## INPUT MATERIAL
══════════════════════════════
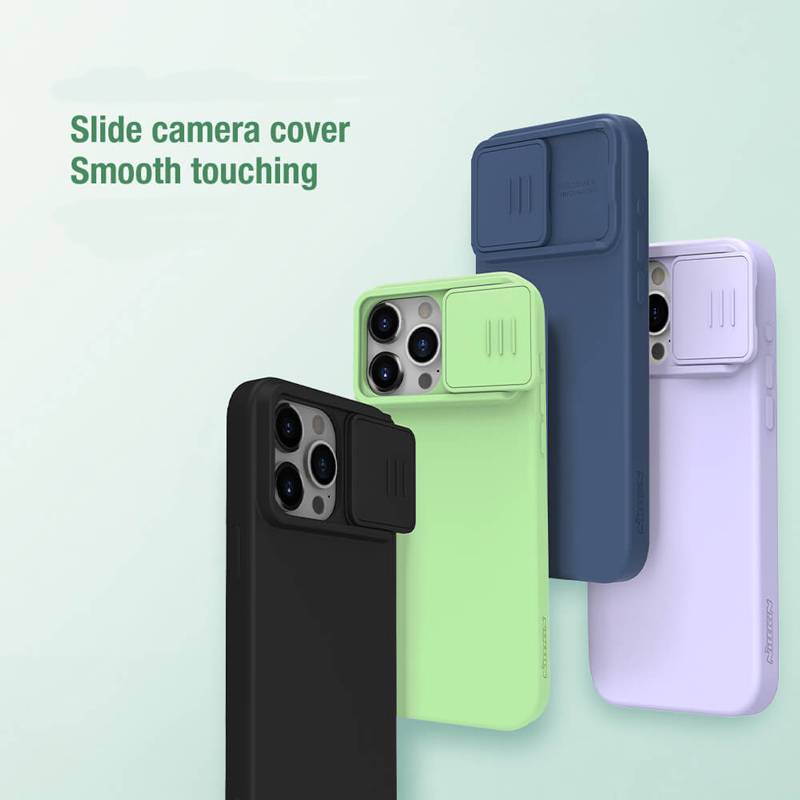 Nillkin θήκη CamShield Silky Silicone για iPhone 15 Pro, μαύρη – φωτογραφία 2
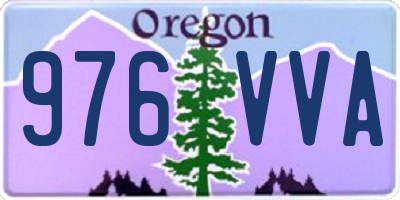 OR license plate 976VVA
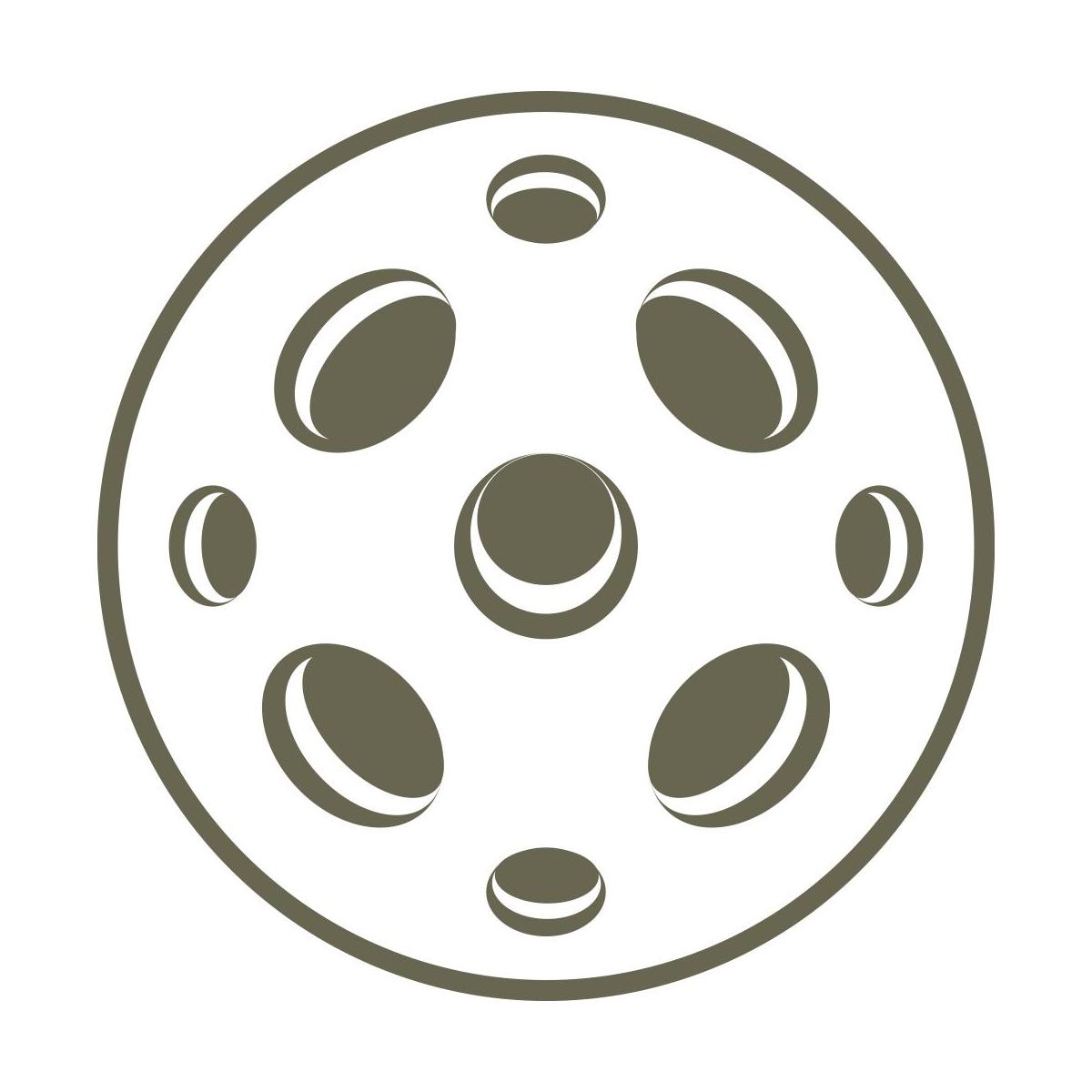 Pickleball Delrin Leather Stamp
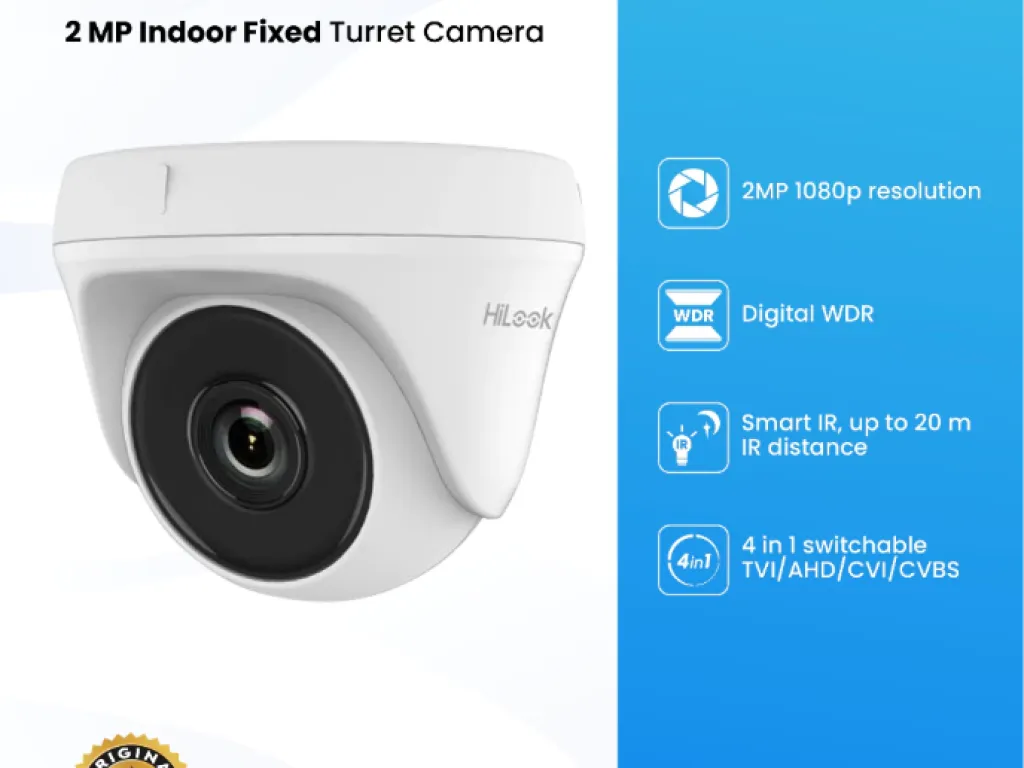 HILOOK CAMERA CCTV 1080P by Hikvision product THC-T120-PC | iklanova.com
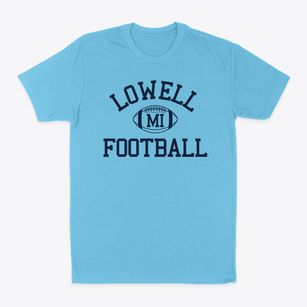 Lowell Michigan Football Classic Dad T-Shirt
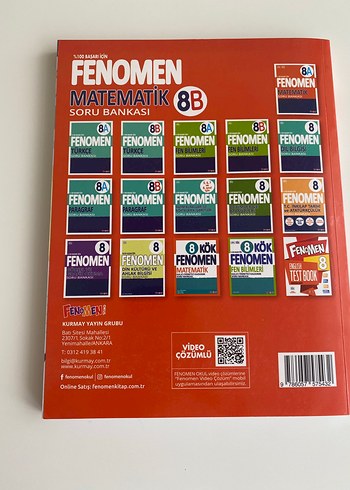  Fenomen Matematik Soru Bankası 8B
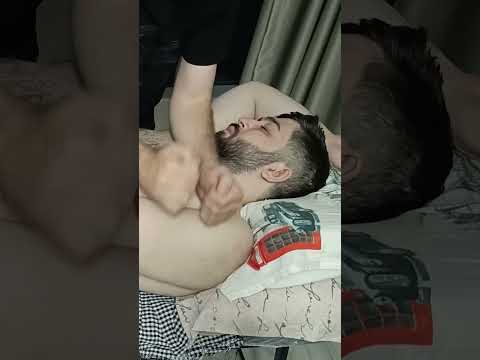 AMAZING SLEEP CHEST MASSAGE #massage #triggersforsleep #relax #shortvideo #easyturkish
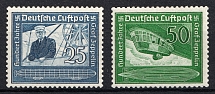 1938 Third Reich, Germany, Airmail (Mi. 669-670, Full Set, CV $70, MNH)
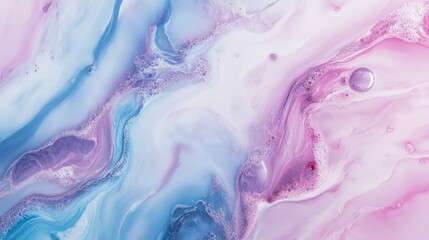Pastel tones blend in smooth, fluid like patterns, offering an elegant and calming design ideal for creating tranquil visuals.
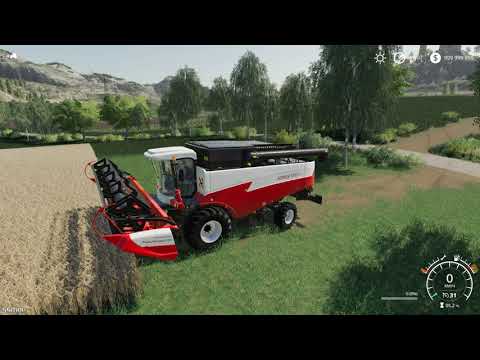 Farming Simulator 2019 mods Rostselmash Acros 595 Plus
══════════════════════════════
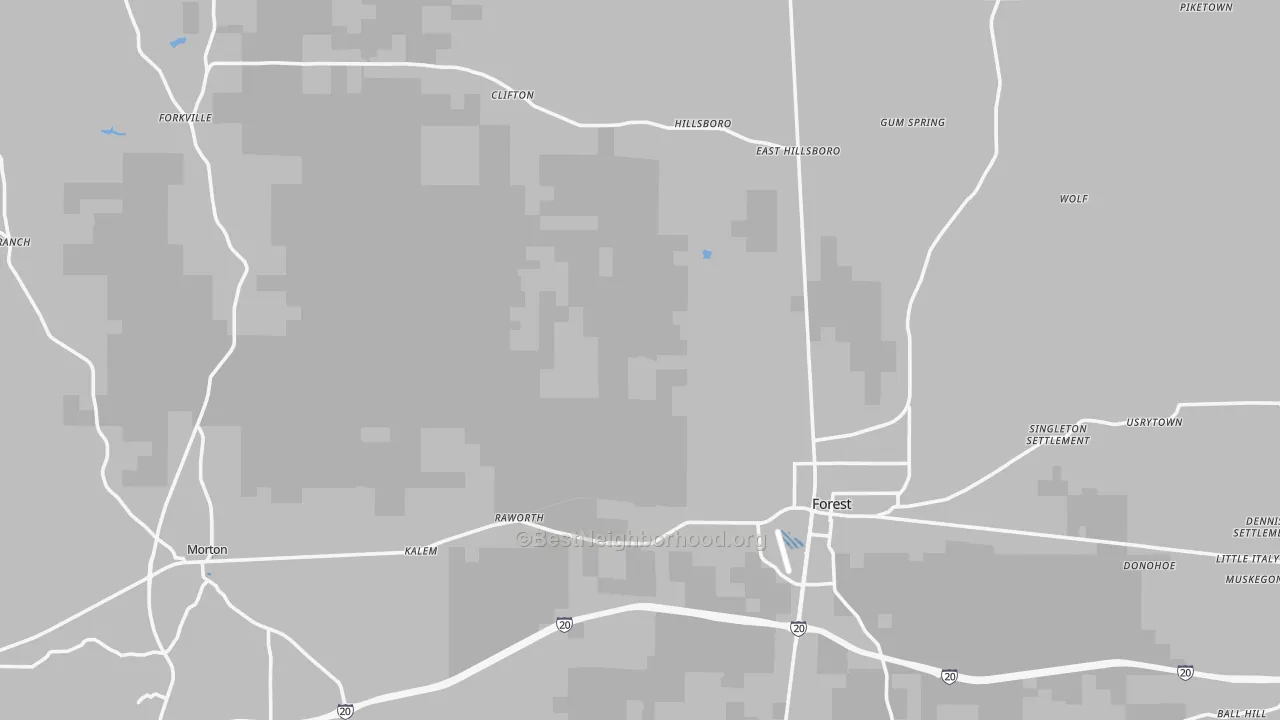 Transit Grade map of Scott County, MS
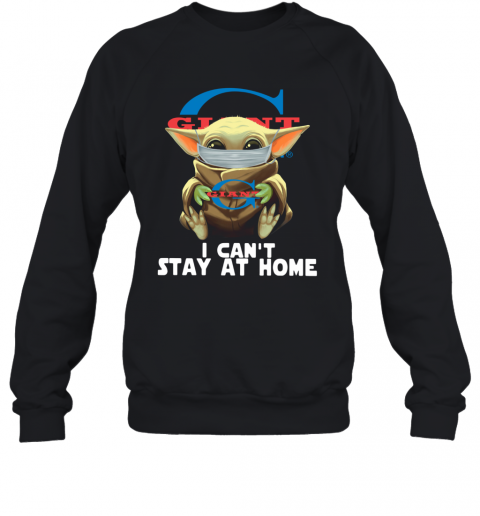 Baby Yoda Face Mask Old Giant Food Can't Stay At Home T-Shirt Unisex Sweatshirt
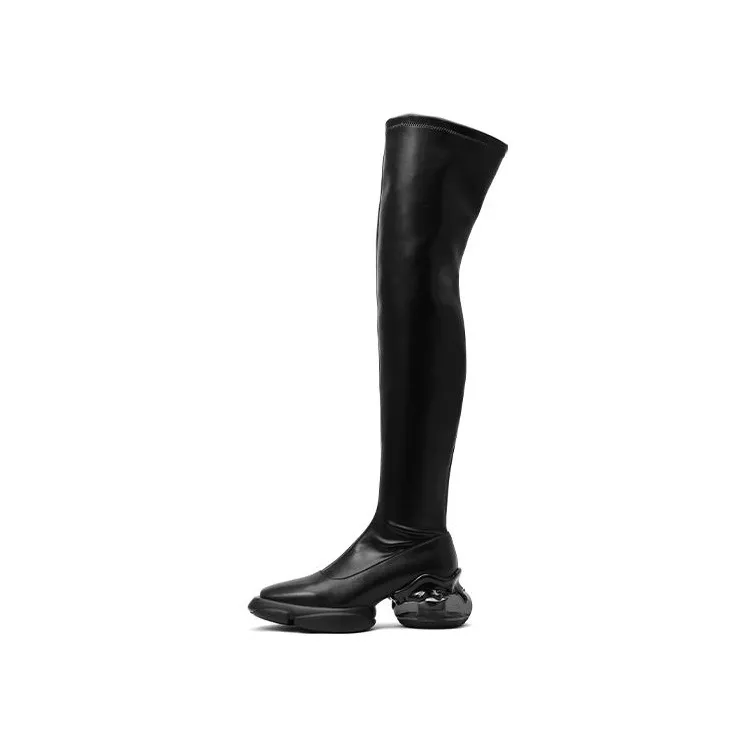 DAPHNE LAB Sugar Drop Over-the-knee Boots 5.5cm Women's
══════════════════════════════
## EXERCISE OBJECTIVE
Exactly as written above, retype the lines starting at the one holding "Nillkin θήκη CamShield" and ending at the one holding "Farming Simulator 2019", both included, but not the pictures.

## FINISHED TASK
 Nillkin θήκη CamShield Silky Silicone για iPhone 15 Pro, μαύρη – φωτογραφία 2
 OR license plate 976VVA
 Pickleball Delrin Leather Stamp
 HILOOK CAMERA CCTV 1080P by Hikvision product THC-T120-PC | iklanova.com
 Lowell Michigan Football Classic Dad T-Shirt
  Fenomen Matematik Soru Bankası 8B
 AMAZING SLEEP CHEST MASSAGE #massage #triggersforsleep #relax #shortvideo #easyturkish
 1938 Third Reich, Germany, Airmail (Mi. 669-670, Full Set, CV $70, MNH)
Pastel tones blend in smooth, fluid like patterns, offering an elegant and calming design ideal for creating tranquil visuals.
 Farming Simulator 2019 mods Rostselmash Acros 595 Plus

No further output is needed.